**Task description**
Without including any images, repeat the listing below exactly.

**Data for this exercise**
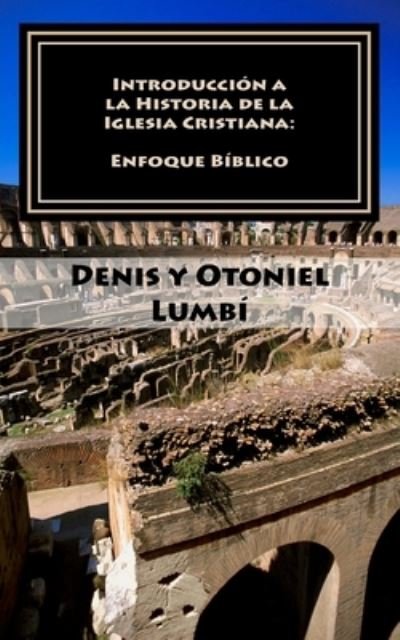 Cover for Otoniel Lumbi · Introduccion a la Historia de la Iglesia Cristiana (Pocketbok) (2017)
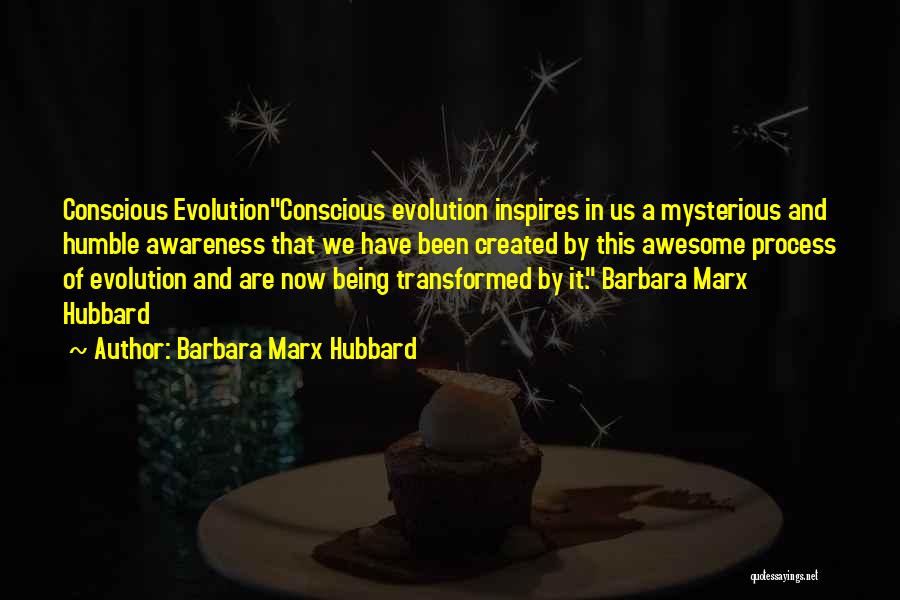 Barbara Marx Hubbard Quotes: Conscious Evolutionconscious Evolution Inspires In Us A Mysterious And Humble Awareness That We Have Been Created By This Awesome Process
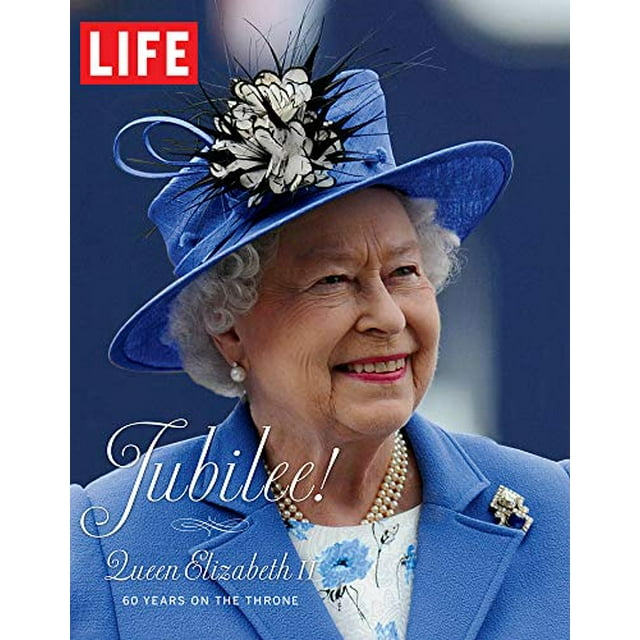 LIFE Jubilee! Queen Elizabeth II: 60 Years on the Throne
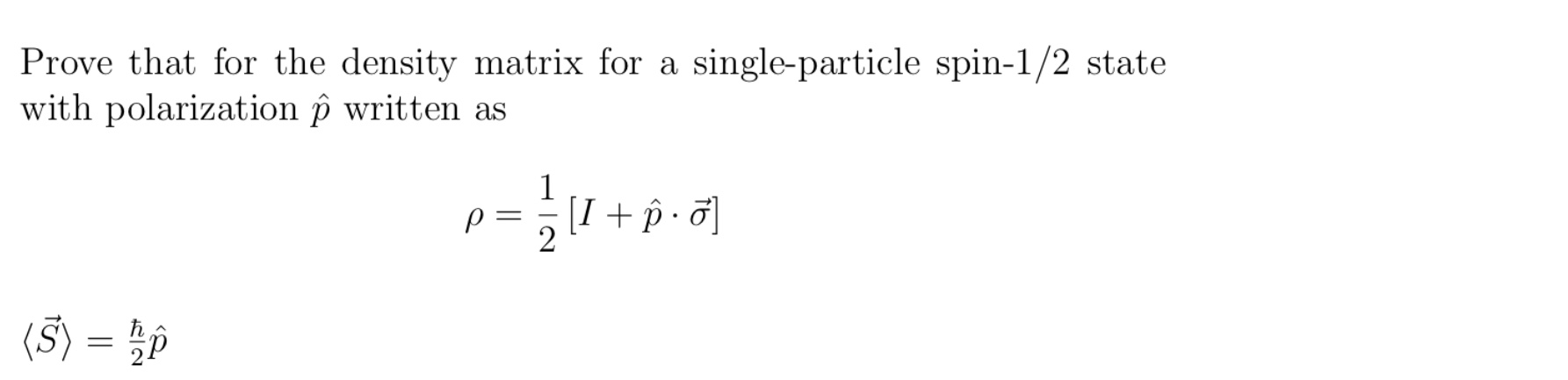 Solved Prove that for the density matrix for a | Chegg.com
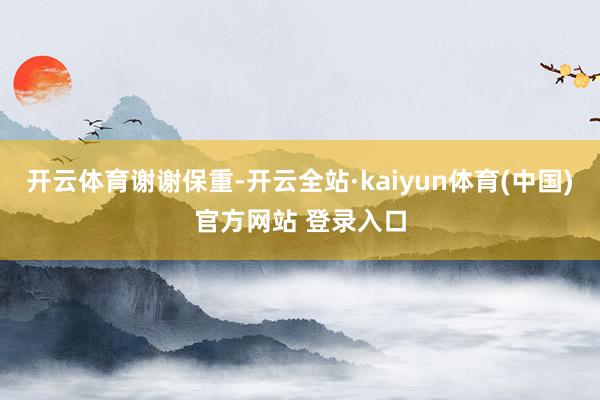 开云体育谢谢保重-开云全站·kaiyun体育(中国)官方网站 登录入口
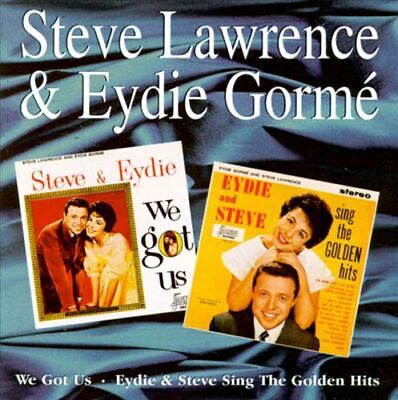 STEVE LAWRENCE & EYDIE GORME - WE GOT US/STEVE & EYDIE SING THE GOLDEN HITS NEW 
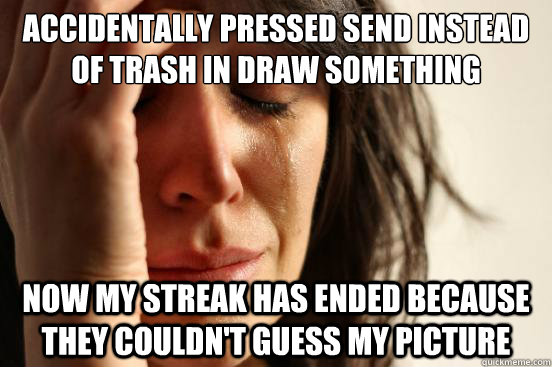 Accidentally pressed send instead of trash in draw something Now my streak has ended because they couldn't guess my picture  First World Problems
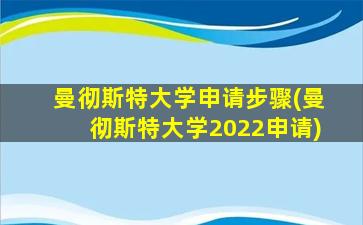 曼彻斯特大学申请步骤(曼彻斯特大学2022申请)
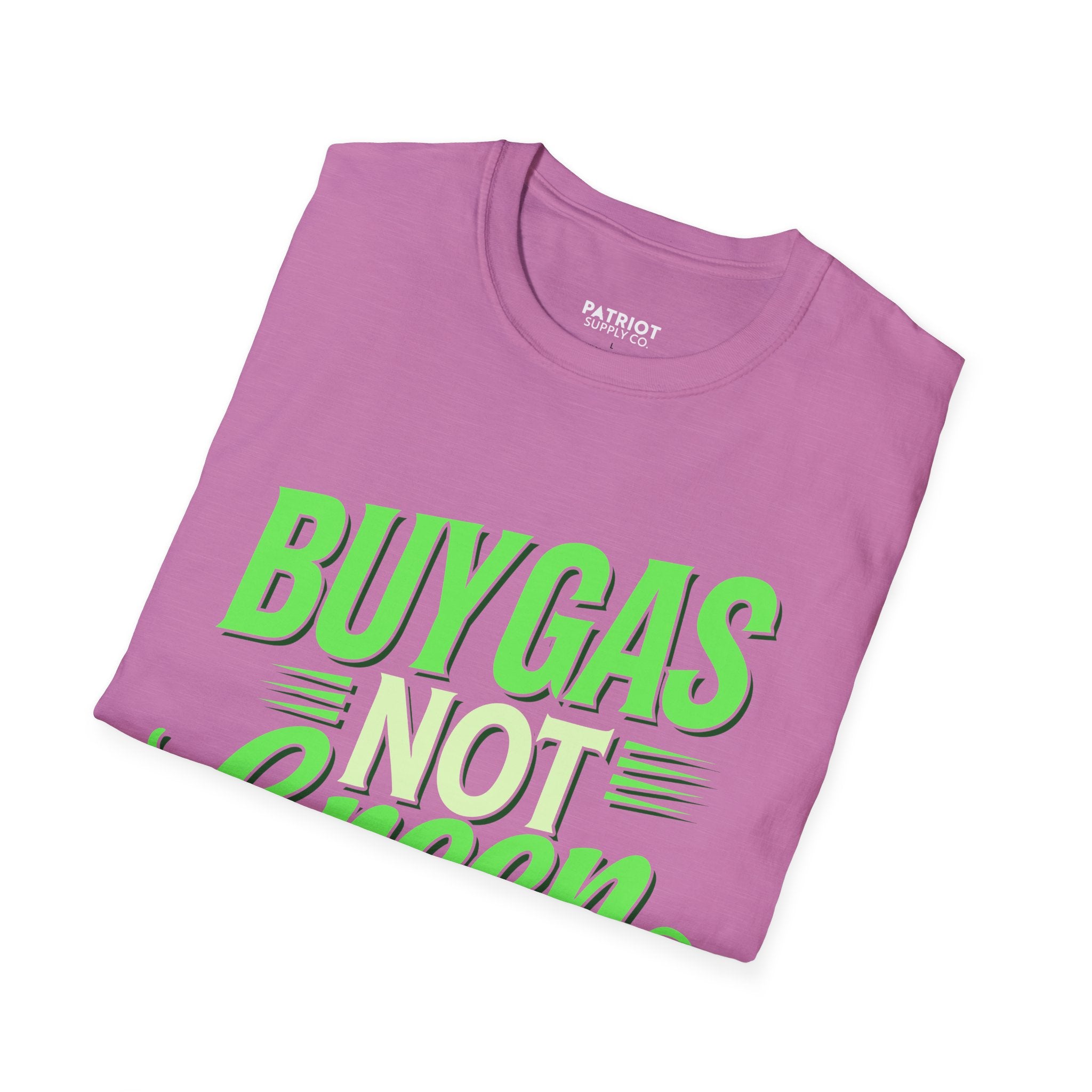 Buy Gas Not Green Lies - Conservative Energy Independence T-Shirt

**Output for this exercise**
 Cover for Otoniel Lumbi · Introduccion a la Historia de la Iglesia Cristiana (Pocketbok) (2017)
 Barbara Marx Hubbard Quotes: Conscious Evolutionconscious Evolution Inspires In Us A Mysterious And Humble Awareness That We Have Been Created By This Awesome Process
 LIFE Jubilee! Queen Elizabeth II: 60 Years on the Throne
 Solved Prove that for the density matrix for a | Chegg.com
 开云体育谢谢保重-开云全站·kaiyun体育(中国)官方网站 登录入口
 STEVE LAWRENCE & EYDIE GORME - WE GOT US/STEVE & EYDIE SING THE GOLDEN HITS NEW 
 Accidentally pressed send instead of trash in draw something Now my streak has ended because they couldn't guess my picture  First World Problems
 曼彻斯特大学申请步骤(曼彻斯特大学2022申请)
 Buy Gas Not Green Lies - Conservative Energy Independence T-Shirt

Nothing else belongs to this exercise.